El domingo 23 dijo en su penúltima homilía: “…hermanos son de nuestro mismo pueblo, matan a sus mismos hermanos campesinos, y ante una orden de matar que dé un hombre, debe prevalecer la ley de Dios que dice no matar… ya es tiempo que recuperen su conciencia y obedezcan a su conciencia… en nombre de Dios pues, y en nombre de este sufrido pueblo, cuyos lamentos suben hasta el cielo cada día más tumultuosos, les suplico, les ordeno, cese la represión”. El mensaje reproducido por los diarios, fue leído por los autores del crimen quienes terminaron de precisar la ejecución. En un país y una Región en donde la violencia criminal tiene capacidad de ordenar la muerte, el mensaje de Romero posee vigencia y la trascendencia de la verdad…
Quienes tienen fe tendrán un ejemplo de vida a imitar, un mensaje que escuchar. Los creyentes de cualquier denominación: cristianos, judíos y musulmanes, reconocen que el Dios a quien se refiere, por quien ofrendó su vida, es el mismo, “es ante Dios, un mártir sin discusión, quienes han caído por la causa de Dios, están vivos”, dijo un imán marroquí en San Salvador. Cualquiera que crea en algo, en la dignidad de las personas, en la vida humana, en la paz…, identificará la fortaleza moral y espiritual del hombre cuya huella se agiganta.
El 23 de marzo de 2015, treinta y cinco años después del martirio –dos meses antes de la beatificación el 23 de mayo-, en el sótano de Catedral, en donde está la cripta con sus restos, hubo un sorprendente encuentro ecuménico en donde una asamblea de laicos y religiosos católicos, bautistas, anglicanos, musulmanes, judíos y de la Fe Bahai, reconocieron que en el mensaje de Romero “estamos unidos a un mismo Dios, vivo y verdadero, que está pendiente de las necesidades de los más vulnerables”. Desde la Fe Bahai: “se sacrificó para cambiar y traer los atributos del mundo de Dios”. Una religiosa reconoció: “unidos por la creencia en un Dios único, unidos con las personas de buena voluntad”. El pastor Bautista, en su predicación preguntó: “¿Qué dirán los que planearon su muerte, los que financiaron su muerte, los que dispararon y ocultaron a los autores, ahora que está más vivo que nunca, que ha vuelto en su resurrección? ¿Cómo cargan su culpa?

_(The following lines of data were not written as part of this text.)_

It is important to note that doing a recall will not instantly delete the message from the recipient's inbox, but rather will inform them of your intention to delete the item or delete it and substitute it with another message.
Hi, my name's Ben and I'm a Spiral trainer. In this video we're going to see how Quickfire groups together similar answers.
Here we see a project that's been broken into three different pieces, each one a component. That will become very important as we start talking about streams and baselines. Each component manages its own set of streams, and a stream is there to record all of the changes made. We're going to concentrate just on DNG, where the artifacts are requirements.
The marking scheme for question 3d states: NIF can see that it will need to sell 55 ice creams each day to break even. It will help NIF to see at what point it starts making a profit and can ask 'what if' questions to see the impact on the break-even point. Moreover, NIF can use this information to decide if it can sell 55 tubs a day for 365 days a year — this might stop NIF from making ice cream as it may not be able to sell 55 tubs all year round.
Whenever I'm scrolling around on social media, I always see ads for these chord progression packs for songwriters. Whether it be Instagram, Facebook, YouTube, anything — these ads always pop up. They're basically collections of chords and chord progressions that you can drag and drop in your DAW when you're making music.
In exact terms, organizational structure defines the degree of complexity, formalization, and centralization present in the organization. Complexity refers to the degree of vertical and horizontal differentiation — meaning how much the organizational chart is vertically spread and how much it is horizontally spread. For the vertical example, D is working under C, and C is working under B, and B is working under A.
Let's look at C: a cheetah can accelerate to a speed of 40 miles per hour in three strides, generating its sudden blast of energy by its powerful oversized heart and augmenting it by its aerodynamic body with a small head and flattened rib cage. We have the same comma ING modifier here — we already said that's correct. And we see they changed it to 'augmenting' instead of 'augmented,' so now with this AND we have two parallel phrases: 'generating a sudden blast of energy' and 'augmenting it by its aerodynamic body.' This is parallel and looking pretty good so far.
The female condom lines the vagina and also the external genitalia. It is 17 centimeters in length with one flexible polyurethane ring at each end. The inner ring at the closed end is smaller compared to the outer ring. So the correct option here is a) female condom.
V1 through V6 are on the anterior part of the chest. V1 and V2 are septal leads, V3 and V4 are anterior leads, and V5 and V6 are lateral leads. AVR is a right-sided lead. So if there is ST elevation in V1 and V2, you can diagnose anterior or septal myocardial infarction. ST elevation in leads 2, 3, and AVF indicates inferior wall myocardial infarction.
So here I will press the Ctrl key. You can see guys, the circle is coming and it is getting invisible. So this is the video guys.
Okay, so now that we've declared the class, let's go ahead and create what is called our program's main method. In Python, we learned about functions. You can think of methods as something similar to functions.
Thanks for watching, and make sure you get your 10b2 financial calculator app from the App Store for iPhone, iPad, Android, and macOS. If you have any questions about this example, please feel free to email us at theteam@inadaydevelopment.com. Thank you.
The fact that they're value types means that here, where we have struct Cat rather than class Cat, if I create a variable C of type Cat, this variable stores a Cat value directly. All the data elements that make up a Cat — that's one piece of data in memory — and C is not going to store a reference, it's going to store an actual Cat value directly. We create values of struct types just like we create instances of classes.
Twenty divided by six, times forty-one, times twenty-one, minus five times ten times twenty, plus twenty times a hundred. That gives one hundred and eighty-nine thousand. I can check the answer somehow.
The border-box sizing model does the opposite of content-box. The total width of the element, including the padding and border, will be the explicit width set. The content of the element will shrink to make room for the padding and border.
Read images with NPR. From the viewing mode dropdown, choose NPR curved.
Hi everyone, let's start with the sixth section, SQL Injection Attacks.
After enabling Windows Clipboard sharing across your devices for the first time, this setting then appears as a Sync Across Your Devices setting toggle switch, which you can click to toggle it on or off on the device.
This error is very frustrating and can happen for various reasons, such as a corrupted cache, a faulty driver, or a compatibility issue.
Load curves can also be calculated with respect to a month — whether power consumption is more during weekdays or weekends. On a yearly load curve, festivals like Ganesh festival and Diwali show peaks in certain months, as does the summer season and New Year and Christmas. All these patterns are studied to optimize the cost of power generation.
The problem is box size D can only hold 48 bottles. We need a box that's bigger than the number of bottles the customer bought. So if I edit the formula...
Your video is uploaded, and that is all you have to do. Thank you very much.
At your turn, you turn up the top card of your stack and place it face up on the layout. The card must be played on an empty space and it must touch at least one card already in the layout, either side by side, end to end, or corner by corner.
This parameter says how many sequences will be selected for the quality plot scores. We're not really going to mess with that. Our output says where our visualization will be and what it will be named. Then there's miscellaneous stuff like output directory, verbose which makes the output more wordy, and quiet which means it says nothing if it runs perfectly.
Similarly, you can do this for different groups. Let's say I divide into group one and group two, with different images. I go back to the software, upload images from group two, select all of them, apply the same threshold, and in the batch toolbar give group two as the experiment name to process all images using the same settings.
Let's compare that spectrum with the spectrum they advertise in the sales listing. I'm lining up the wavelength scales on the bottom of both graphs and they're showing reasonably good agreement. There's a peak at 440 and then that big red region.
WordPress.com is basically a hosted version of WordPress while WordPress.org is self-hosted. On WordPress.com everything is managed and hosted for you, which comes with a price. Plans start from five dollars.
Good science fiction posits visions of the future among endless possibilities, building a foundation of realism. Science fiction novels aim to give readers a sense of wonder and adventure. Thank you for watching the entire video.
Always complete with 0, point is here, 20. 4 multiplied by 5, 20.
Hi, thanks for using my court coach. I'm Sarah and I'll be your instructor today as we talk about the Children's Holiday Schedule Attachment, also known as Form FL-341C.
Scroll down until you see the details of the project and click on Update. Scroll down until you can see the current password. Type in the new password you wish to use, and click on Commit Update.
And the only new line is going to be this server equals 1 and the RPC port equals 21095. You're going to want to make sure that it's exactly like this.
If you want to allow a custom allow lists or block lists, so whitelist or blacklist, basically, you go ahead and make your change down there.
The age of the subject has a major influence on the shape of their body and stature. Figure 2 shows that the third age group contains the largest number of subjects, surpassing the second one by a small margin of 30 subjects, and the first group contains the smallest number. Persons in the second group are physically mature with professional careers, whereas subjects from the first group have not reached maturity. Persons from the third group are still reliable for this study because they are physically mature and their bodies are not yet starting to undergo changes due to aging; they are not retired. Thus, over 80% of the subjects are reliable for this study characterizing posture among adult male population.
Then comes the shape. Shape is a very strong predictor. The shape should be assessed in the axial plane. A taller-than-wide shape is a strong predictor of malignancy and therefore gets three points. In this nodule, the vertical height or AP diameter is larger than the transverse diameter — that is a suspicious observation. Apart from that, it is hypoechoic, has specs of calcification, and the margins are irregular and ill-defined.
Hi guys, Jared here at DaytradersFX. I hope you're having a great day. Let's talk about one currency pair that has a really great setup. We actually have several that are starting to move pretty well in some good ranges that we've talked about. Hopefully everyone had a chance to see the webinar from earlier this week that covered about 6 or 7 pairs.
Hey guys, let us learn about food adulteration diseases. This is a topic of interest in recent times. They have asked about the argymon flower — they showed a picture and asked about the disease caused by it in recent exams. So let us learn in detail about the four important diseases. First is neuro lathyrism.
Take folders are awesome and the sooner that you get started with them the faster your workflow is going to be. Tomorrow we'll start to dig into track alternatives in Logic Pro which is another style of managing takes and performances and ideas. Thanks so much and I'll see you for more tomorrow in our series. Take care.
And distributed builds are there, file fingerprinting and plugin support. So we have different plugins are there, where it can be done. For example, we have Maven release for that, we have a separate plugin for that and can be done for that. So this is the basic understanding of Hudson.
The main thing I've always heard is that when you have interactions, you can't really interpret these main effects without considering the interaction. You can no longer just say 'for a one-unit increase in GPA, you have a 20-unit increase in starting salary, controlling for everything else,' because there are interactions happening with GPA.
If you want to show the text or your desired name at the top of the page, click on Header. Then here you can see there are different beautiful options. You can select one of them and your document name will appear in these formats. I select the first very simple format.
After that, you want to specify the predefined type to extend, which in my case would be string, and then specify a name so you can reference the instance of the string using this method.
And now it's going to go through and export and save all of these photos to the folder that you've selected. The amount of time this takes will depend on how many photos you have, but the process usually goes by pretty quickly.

Celebremos la bendición de su herencia”. Para un fraile franciscano: “Es el modelo del buen pastor que necesita este pueblo, nos deja su legado de fidelidad a Jesucristo, al Evangelio”. Mons. Urioste contó que una vez el Arzobispo lo llamó preocupado por lo que enseña el capítulo 25 del Evangelio de Mateo: “…Vengan benditos de mi padre… porque tuve hambre y me disteis de comer; tuve sed, y me disteis de beber,…”; dijo: “no sé cómo soy con los pobres, cuando nos presentemos al Señor, lo más importante es cómo fuimos con los pobres…” Un sacerdote, en su homilía concluyó: “Según el padre Ellacuría, con monseñor Romero, Dios pasó por El Salvador…”… Se quedó en San Salvador y Centroamérica, entre nosotros, desde la trascendencia del mensaje y de la vida consecuente; símbolo y referente; fe y pertenencia; desde el punto de vista que se vea, es innegable.